Sieko, a former steward from the Flight of Fancy, picked both warriors off deftly and said, “Sorry I spoiled your aim there, Sarge. No doubt you were going to shoot them just as soon as you finished introducing yourself.” He could hear laughter over the frequency, so he knew the other squad members saw and heard what happened.
“Nah. I hate to be a hog and kill ‘em all myself. I signaled those were yours, and I meant what I said. I was setting them up for you. However, thanks for shoving my dumb fat ass out of the way, Jason. I owe you” He owed him big time. Feeling invincible didn’t mean you were.
“Sarge, nobody thinks your ass is fat.” Jason was careful not to contradict the “dumb” part.
Maude Klinger had listened to the two of them talk long enough. “Hey boys, I may look younger now, but I’m still an impatient old fart. Is it safe to open the damned main airlock yet or not?” Another two hundred Kobani were waiting to get in, since the small personnel airlock would take too long to cycle them through.
“Cycle the lock, Maude.” The large cargo airlock would have made more noise and taken too long. It would have alerted the Krall that someone was coming. The way they had diverted the Krall to the breech points allowed them to sneak squads in by the personnel locks, so they could clear the way to open the main doors. Now, a third of the force was waiting to enter. They had selected three of the six airlocks for bringing in their assault forces. Sarge’s group was probably running late now, and the Krall would know they had been duped.
The larger volume airlock would be five minutes cycling, so Sarge divided the eight of them up to cover the three approaches to this airlock.
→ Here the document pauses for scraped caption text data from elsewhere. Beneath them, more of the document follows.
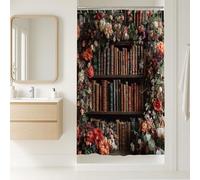 Floral Shower Curtain, Vintage Bookcase with Colorful Flowers Bathroom Decor, Spring Summer Bohemian Waterproof Fabric Shower Curtain with Hooks 36x72 Inch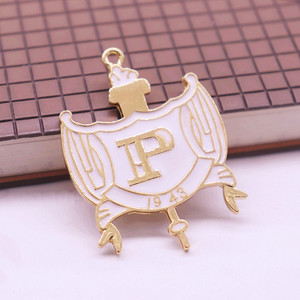 Venta al por mayor Sigma Gamma Rho Capítulo Símbolo Blanco Esmaltado Tono Dorado Hermandad Philo Crest Joyería Fabricación Accesorio Colgante - Product Image 6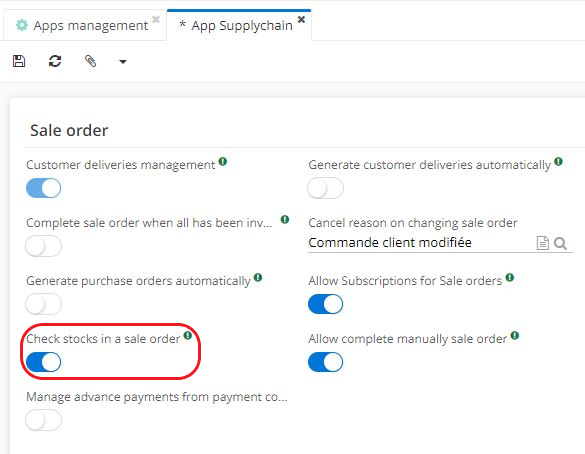 1.1. On the Supplychain App page, activate the “Check stocks in a sale order” option in order to be able to check stocks on the sale quotation file (Access: Application config → Apps management → Supplychain module, configure).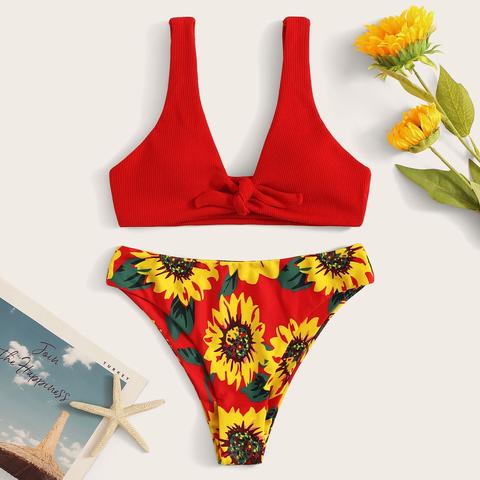 Bikini Avec Imprimé Tournesol Et Nœud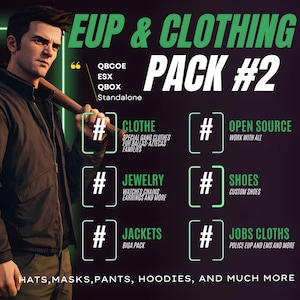 Può includere: Immagine promozionale per EUP & Clothing Pack #2, con un uomo che tiene una mazza da baseball. L'immagine include testo su abbigliamento, gioielli, giacche, scarpe e lavori. La parte inferiore dell'immagine elenca cappelli, maschere, pantaloni, felpe con cappuccio e altro.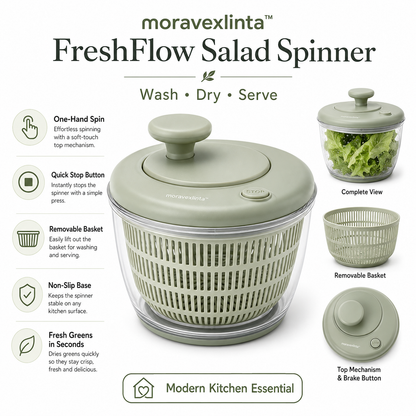moravexlinta™ FreshFlow Salad Spinner Fresh Food Deserves a Better Start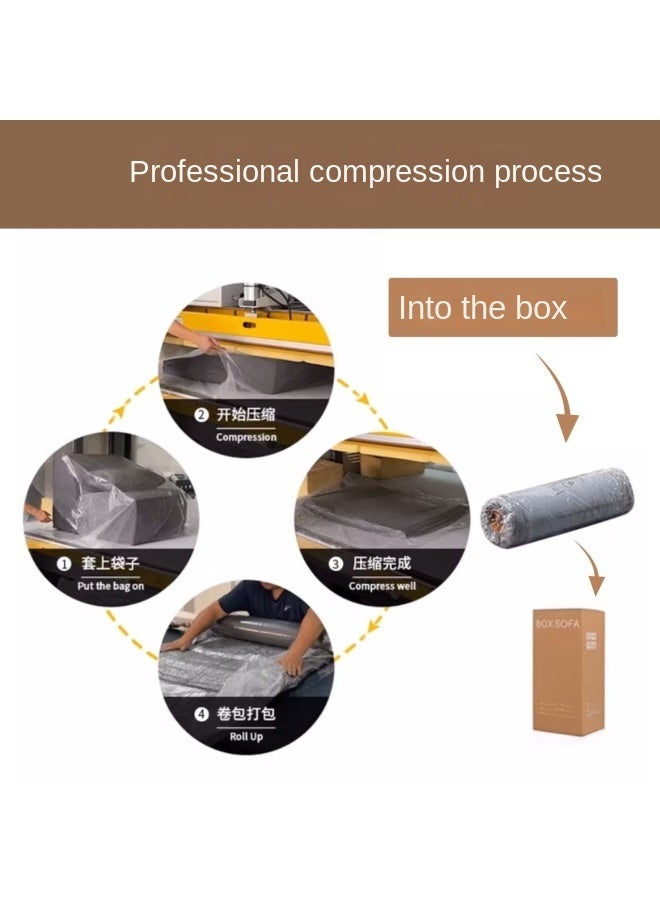 Caterpillar Lazy Sofa Cream Internet celebrity Reclining Casual Triple Modern Living Room Bedroom Compression Sofa - Image 2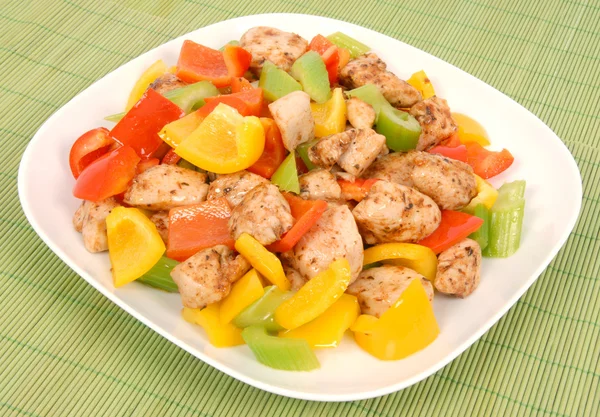 Stir-fried spicy chicken and vegetables — Stock Photo, Image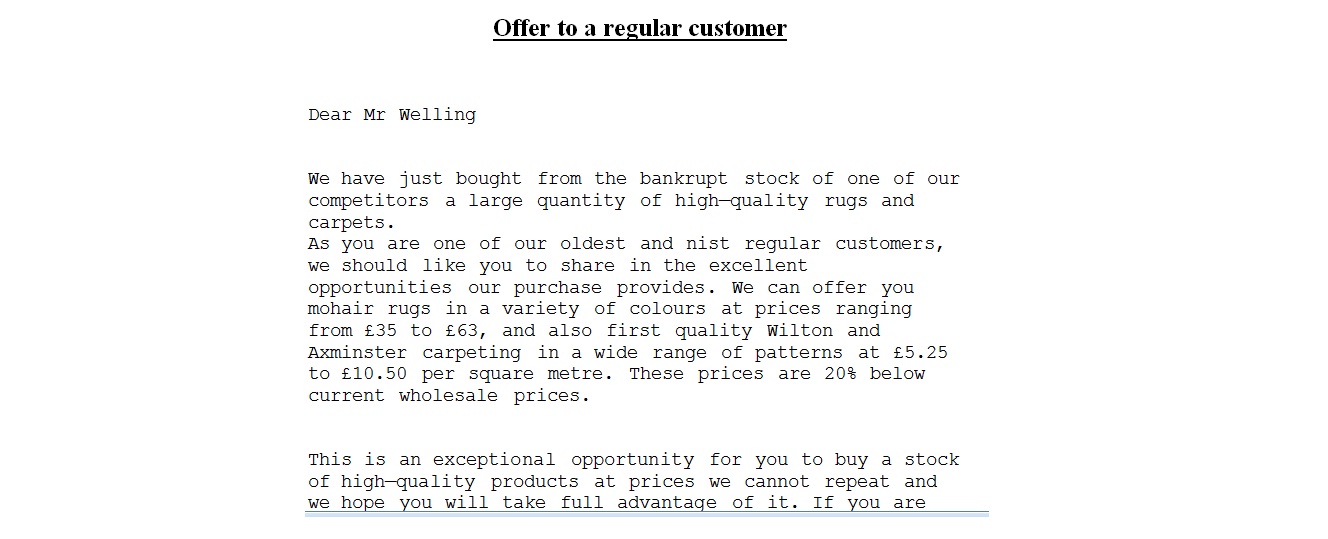 example business letter Offer Letter to a regular customer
Because the outer circular corridor is where the breeches were made, any Krall covering
those points would be in that outer corridor, and would come running this way now. The radial corridor straight into the cargo area was probably less likely to be an avenue of attack. After all, how wide could the Krall spread their small force?
There were distressingly few places for concealment along the corridors. Invisibility was fine if you didn’t shoot back and advertise where your head was located, as Sarge had just discovered. There was a corner at each branch to stand behind, but your back or side was exposed to any warriors coming from the other two directions.
The airlocks were the choke points, and just a handful of warriors could bottle them up here until the larger forces could get inside. If the airlocks were damaged and the inner doors jammed, they would have to be blasted open. The depressurization might kill any Torki not inside an airtight compartment. The squad only had to hold for about five minutes. That’s an awful long time for even a few Krall to do damage.
What their external speakers were picking up, from both side corridors sounded like more than a few Krall. They had given up any semblance of a quiet approach and the padded feet of their armor was thudding heavily, and they were noisily scraping against the sidewalls in the packed advance wave that filled the halls from side-to-side.
Reynolds had four small grenades in stealthed compartments on his armor. He pulled two out and calling to Maude and Jason, each at another hall entrance, he tossed one to each of them. They deftly snatched them out of the air, such pitifully underwhelming help as they represented. They had left their pulse rifles with the main force, so they could crowd eight of them into the small airlock. All they had to help them now were suit weapons that negated their stealth capability when fired.